赵曼荷轻笑一声,不知是笑自己还是笑谁,无奈道:“不坐了,也没什么事,就是我父亲想请年关了还在店里帮忙的大家一起吃顿饭,在前厅准备了酒菜,没有外人,大家可以先把活歇歇,明天就算是正式的放假了。”其实这个时候店里就剩下东家府上的主仆和他俩了,说是“大家”也不过是让叶成徽舒服一些。
说这话时,她一直拿眼睛瞄着叶成徽,可对方没有丝毫回应。还是葛瑞言率先答道:“诶,多谢老爷和夫人挂念,在店里帮忙是我们分内的事。我们一定早早地去厨房帮忙啊,哈哈哈哈哈……”赵曼荷扯了扯有点僵硬的嘴角,心也一点一点沉了下去,转身迈步离开了。
叶成徽见赵小姐走出院门才回屋,关上门,葛瑞言早就钻进被窝里暖和了。叶成徽啃着桌上的烙饼,没有说话。葛瑞言披了个小毛毯挪到桌边,小心翼翼地开口道:“梵哥,咋回事儿啊,小姐对你的好是大家伙儿都看在眼里的,这香袋荷包可没少送吧,你咋总是不给小姐好脸色看呐?”
叶成徽继续吸溜着那碗半冷不热的粥,等那碗粥终于被吃净了,才抬头给了葛瑞言一个不明所以的眼神,出声道:“瑞言啊,你可少看点画本吧,你以为大户小姐爱上穷书生的故事是真实存在的啊?我和她是不可能有好结果的,明知这样,还不如从开始就不要给她对未来的任何幻想,不然太残忍了。”葛瑞言听到这也差不多明白了叶成徽的心思,他拍拍叶成徽的肩,又倒在了床上。
【三】
叶成徽是三年前来到城里找活干的。当时在街上,不谙世事的他在酒楼里当过跑堂,因为长得好看被纨绔的公子哥找事,老板嫌麻烦把他退了。也在铁铺里当过学徒,可那师傅看他细皮嫩肉的,不是干重活的料,还是看他可怜,给了他两三两银子把他打发走了。

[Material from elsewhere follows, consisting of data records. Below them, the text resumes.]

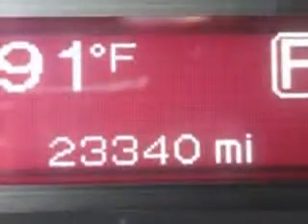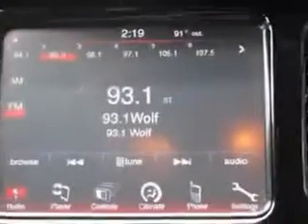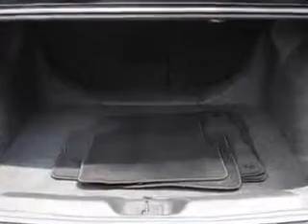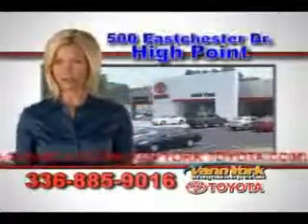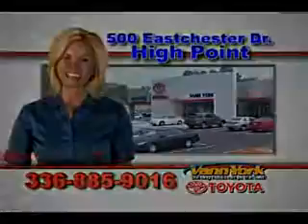Enjoy the drive and have peace of mind in this 2013 Dodge Dart. See us at Vann York Toyota today. Be smart and buy now at Vann York Toyota — Vann York, building relationships that last.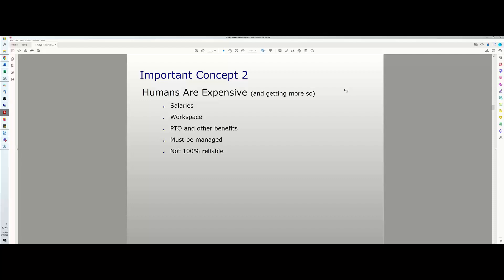Employees make mistakes. I'm a human, so I'm not anti-human, but in all my years of running a business I've found that humans are very expensive. Doesn't mean they're not important — they are — but they're super expensive.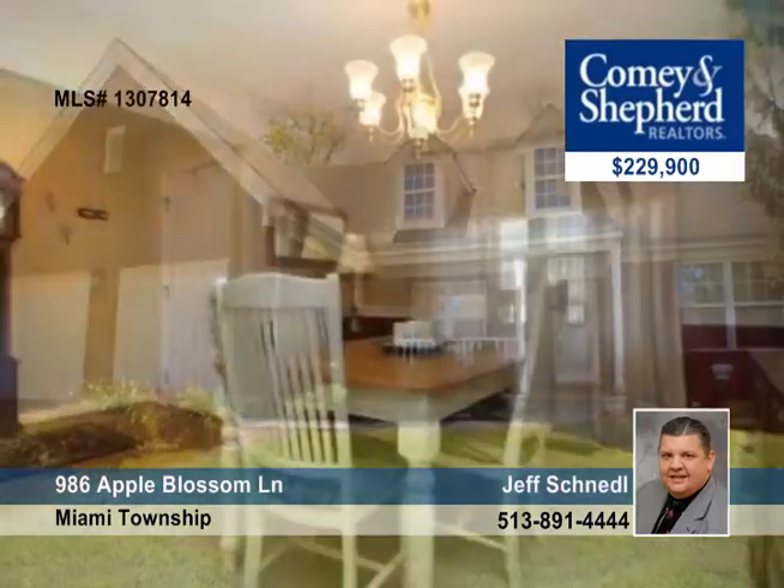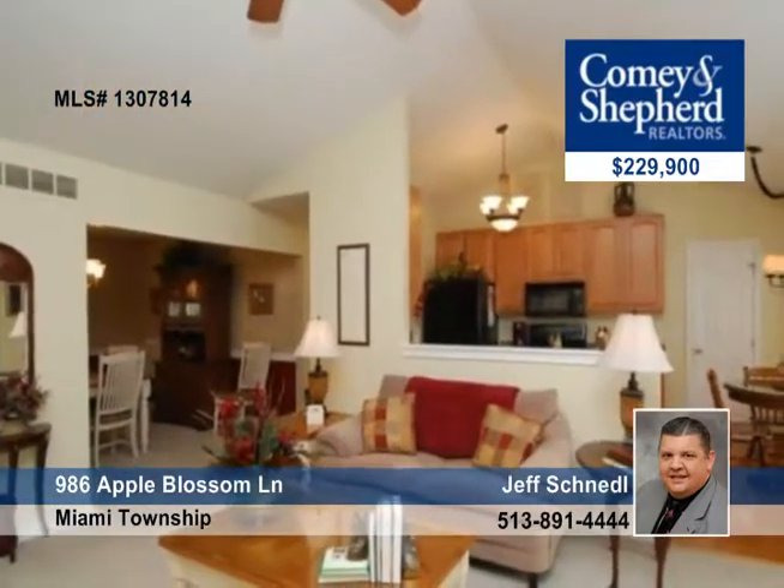Here's a fabulous 4-bedroom, 3-bath brick ranch with an open floor plan and a finished walkout lower level. There are cathedral ceilings in the living room and a walkout to the deck overlooking a wooded rear lot.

他那时真的没地方可去了,又不甘心才三两个月就回家,只能窝在街角。饥寒交迫下,迷迷糊糊地,他做了一个梦。梦里他虽也不富裕,但有一个贴心的去处,有一个疼自己的人,那个人总是喜欢把他抱在怀里,甚至小心翼翼地亲吻他。那人不知是男是女,但叶成徽直觉上知道那个人不是他娘,和他在一起又仿佛很久很久了,久到超越了任何时间跨度。很温暖……
他清醒过来时,就发现自己躺在了这间屋子的床上,床边坐着的就是葛瑞言。正是这心善的赵小姐让随从把叶成徽抬回油行的,而且这家店的人都知道,这赵小姐对他叶成徽的感情不一般,只是大家心照不宣罢了。
叶成徽在赵家打杂的这近三年里,一直是干活最卖力的,因为他要报答赵家的救命之恩。其他?便再无其他。
至于那个在他最困窘的时候梦到的人,叶成徽能肯定他平日里没见过,但他仍然在心里默默地感谢那人给予的那一丝丝暖光,如果没有这点心灵上的慰藉,他也许撑不到赵小姐路过他身边的时候。